O seriado que adaptou a história de June, a aia do romance, uma mulher presa em um cenário surreal nos Estados Unidos contemporâneo, levou para casa os Emmys de melhor série dramática, atriz, atriz convidada, atriz coadjuvante, roteiro e direção. Conquistou público e júri por uma boa razão: a história de Atwood é extremamente envolvente. E como a série não tem previsão de ser lançada no Brasil, fica o livro, recentemente reeditado pela Rocco. O conto da aia é daquelas leituras que sequestram o leitor.
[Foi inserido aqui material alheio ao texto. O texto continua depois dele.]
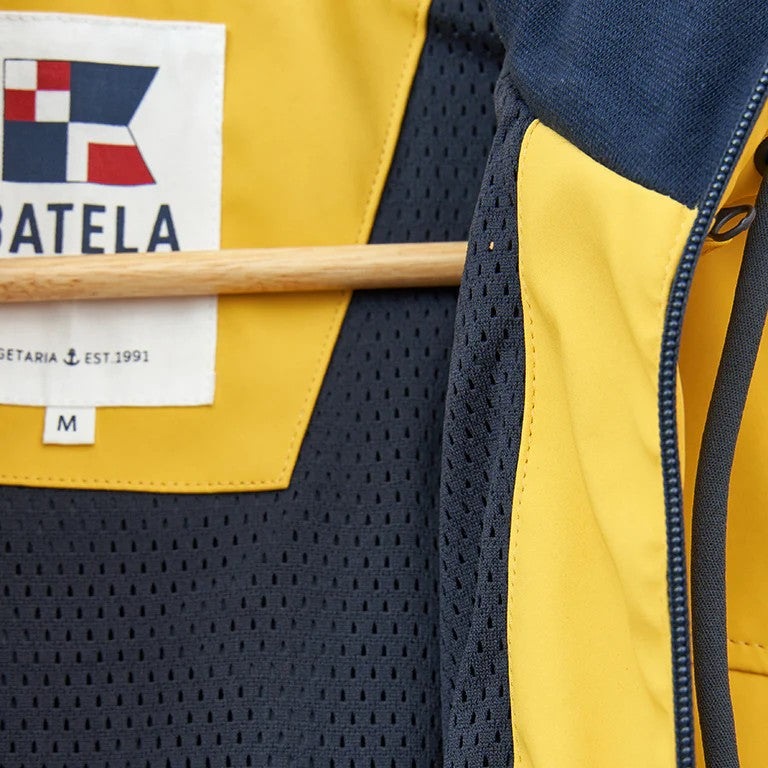 Lightweight Nautical Raincoat with Coordinates for Men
Difícil largar antes de chegar à última página.
Atwood tem uma escrita seca e direta e isso ajuda a tornar o drama de June ainda mais pungente. Quando o livro tem início, a personagem já faz parte de uma engrenagem perversa. Transformado em república fundamentalista católica, os Estados Unidos estão dominados por homens. As mulheres perderam os direitos civis, não podem andar sozinhas, não ocupam cargos políticos e nem têm qualquer relevância para além da porta de casa. Por alguma razão inexplicável – há apenas uma insinuação de algum desequilíbrio ambiental ligado a agrotóxicos -, as taxas de natalidade caíram a quase zero. As poucas mulheres que ainda podem ter filhos são capturadas e colocadas à disposição dos comandantes do regime, que se apropriam de uma passagem bíblica para justificar os estupros necessários à concepção. Chamadas de aias, essas mulheres são controladas e violentadas constantemente.
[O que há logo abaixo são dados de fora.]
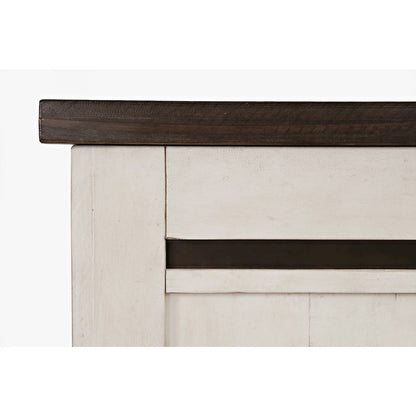 Madison County Rustic Reclaimed Pine Farmhouse Queen Panel Headboard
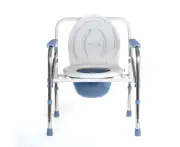 Elderly Pregnant Foldable Adjustable Shower Toilet Bedside Commode Chair Potty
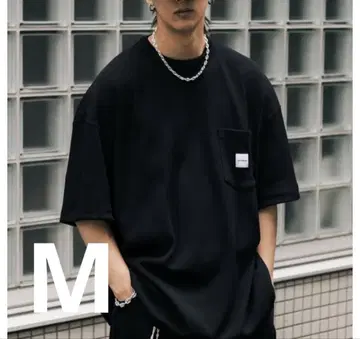 쿠티 /T/C 와플 패턴 오류 핏 단추 없는 티셔츠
June é uma aia que, antes da catástrofe, tinha uma filha e um marido. Capturada, perde o nome, como todas as suas companheiras, para ganhar um patronímico do comandante que a possui. Nem sempre é o mesmo, uma vez que, ao engravidar e dar à luz, a aia passa para o próximo dono. A história narrada no seriado é bastante fiel ao livro, embora haja algumas pequenas licenças na construção dos personagens. A série entrega mais do que o livro. Na escrita de Atwood, não há muito espaço para explicações lógicas sobre os fatos que levaram o país à situação de radicalismo no qual se encontra. June é mais passiva no romance e não foi à toa que Elisabeth Moss ganhou o Emmy de melhor atriz: sua June é mais combativa, mais consistente e menos submissa que a personagem de Atwood. Mas há motivos para isso.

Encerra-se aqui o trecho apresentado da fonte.